Diferente questão, é saber como e quando o primeiro-ministro tomou conhecimento do negócio PT/TVI.

17. A CPI não dispôs de condições para identificar a fonte particular que esteve na origem do conhecimento do primeiro-ministro sobre o negócio PT/TVI, nem quando tal ocorreu.
18. A dificuldade em identificar a fonte particular, através da qual o primeiro- ministro tomou conhecimento do negócio PT/TVI, resulta do facto, demonstrado e comprovado pela CPI, de ele ter extravasado as fronteiras das empresas nele interessadas e de ter chegado ao conhecimento de diversas pessoas sem qualquer ligação ou relação com aquelas empresas ou com aquele negócio em particular e que, nalguns casos, são das relações pessoais do primeiro-ministro e/ou com ele apresentam afinidades político- partidárias, como é o caso de Armando Vara.
19. A recusa de Rui Pedro Soares em depor perante a CPI, as limitações invocadas por Armando Vara e Paulo Penedos nos respectivos depoimentos à CPI e as respostas do primeiro-ministro à CPI, não permitiram esclarecer se, as conhecidas e reconhecidas relações pessoais e político-partidárias existentes entre eles e as conversas que mantiveram enquanto o processo decorria, estão na origem do conhecimento revelado pelo primeiro-ministro sobre o negócio PT/TVI.

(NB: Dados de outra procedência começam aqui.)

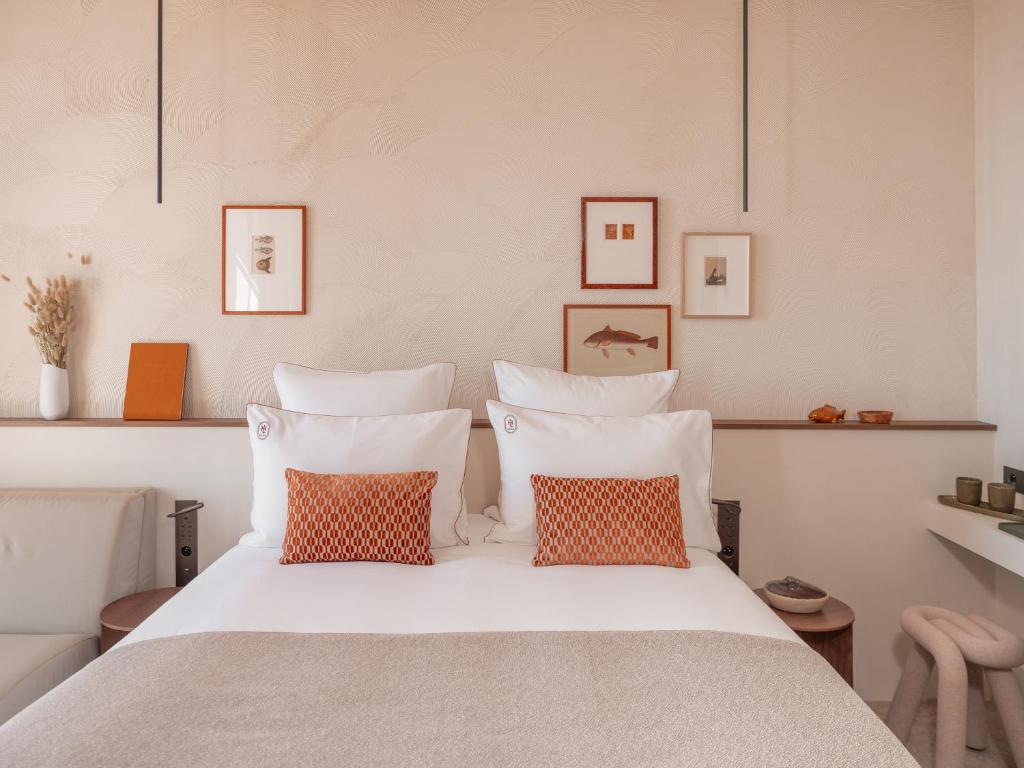 a bedroom with a white bed with orange pillows at Hôtel Liautaud Rooftop Cassis in Cassis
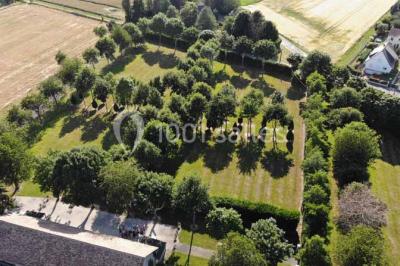 Vue aérienne d'un jardin arboré avec des allées herbeuses, entouré de champs et de quelques bâtiments résidentiels.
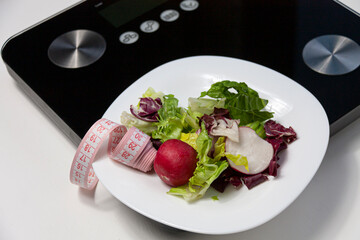 some salad and a pink centimeter on white plate standing on black scales on white background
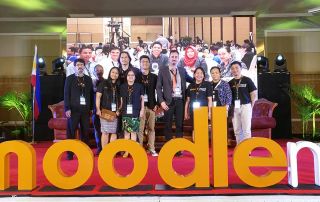 UPOU delegates pose with Dr.Martin Dougiamas, the CEO and Founder of Moodle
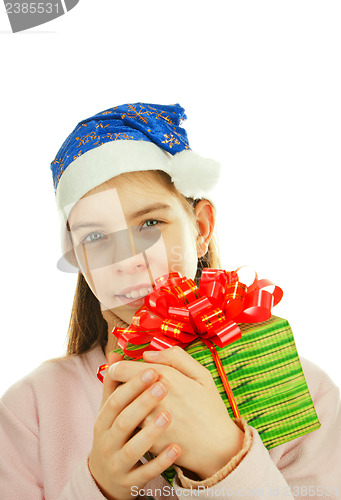 Image of Teen girl wearing Santa hat with a present against white backgro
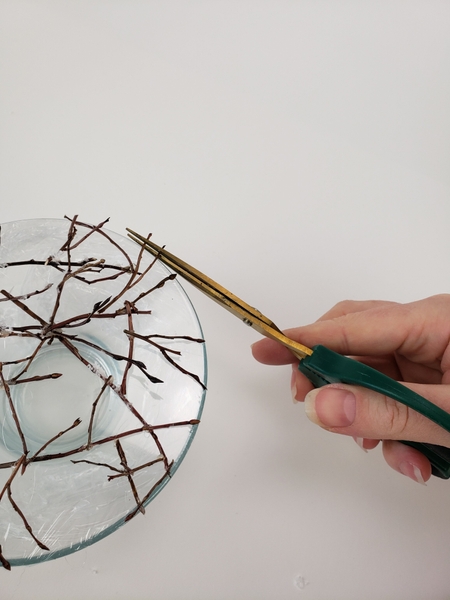 Snip away any twigs that are too long Snip away any twigs that are too long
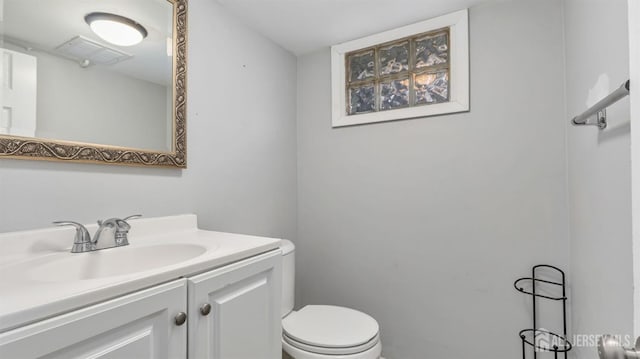 bathroom featuring toilet, visible vents, and vanity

E não resisto a reproduzir um período da introdução:

A CPI obteve informação até então desconhecida, esclareceu muitos equívocos, deu transparência a muitos aspectos sombrios, identificou e desfez inúmeras incoerências e contradições, revelou as fragilidades e a falta de credibilidade de muitas afirmações e declarações proferidas pelos principais intervenientes no processo de aquisição da TVI, quer antes quer depois do início dos seus trabalhos, dentro e fora das audições.
Este património de trabalho, plasmado nas páginas deste Relatório e nas suas Conclusões, permitiu o apuramento dos factos e a identificação das diferentes responsabilidades dos protagonistas deste longo e persistente processo de aquisição da TVI e das tentativas de alterar a sua linha editorial.

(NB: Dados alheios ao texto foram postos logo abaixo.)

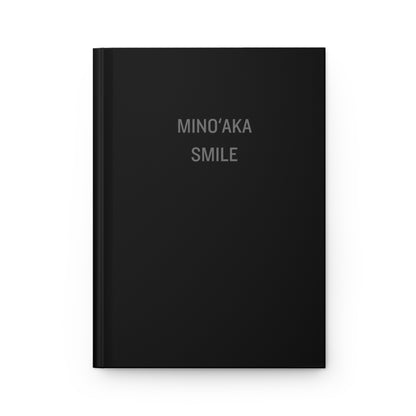 A black hardcover notebook with the words 'MINO'AKA SMILE' printed in a light gray serif font on the front cover, shown against a plain white background.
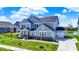 Inviting two-story home with a well-manicured lawn, charming front porch, and attached garage at 16683 Alex Dr, Noblesville, IN 46060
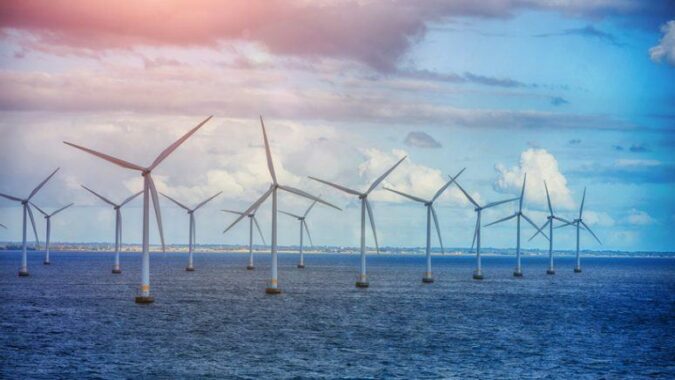 A field of windmills in the open ocean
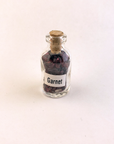 Garnet Natural Crystal Chips Bottle - One Bottle - On White Background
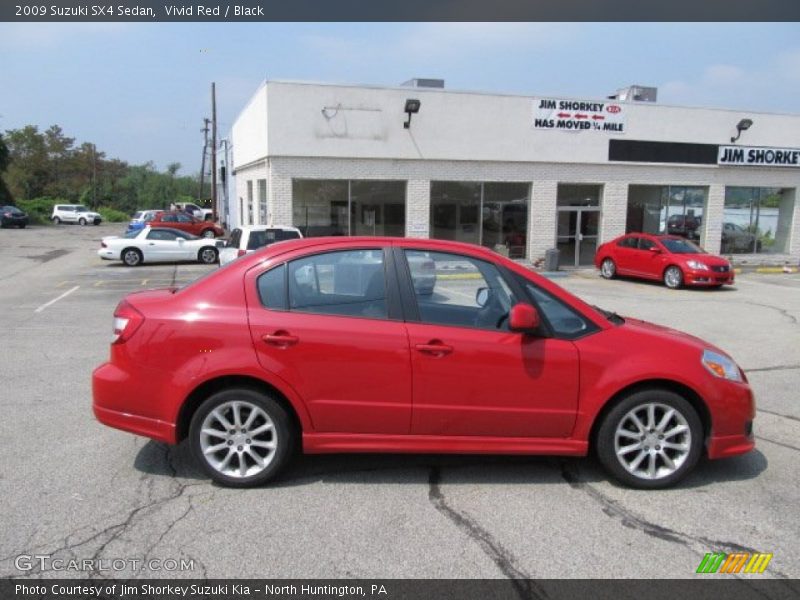 Vivid Red / Black 2009 Suzuki SX4 Sedan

Acho por isso estranho, e só explicável pelo obscurecimento da Razão que a paixão partidária e o comportamento tribal induzem mesmo nas mentes esclarecidas, que os apoiantes de Sócrates na blogosfera não vazem os olhos e se dediquem apenas aos negócios e à preparação da travessia do deserto em condições de conforto.
Confundir a acção política da Comissão com a acção de investigação que cabe aos desacreditados órgãos da justiça é um golpe baixo. Esperemos, pelo menos, que os que hoje desacreditam os deputados por agirem "como polícias", amanhã não se calem quando se constatar que os polícias parecem agir como políticos.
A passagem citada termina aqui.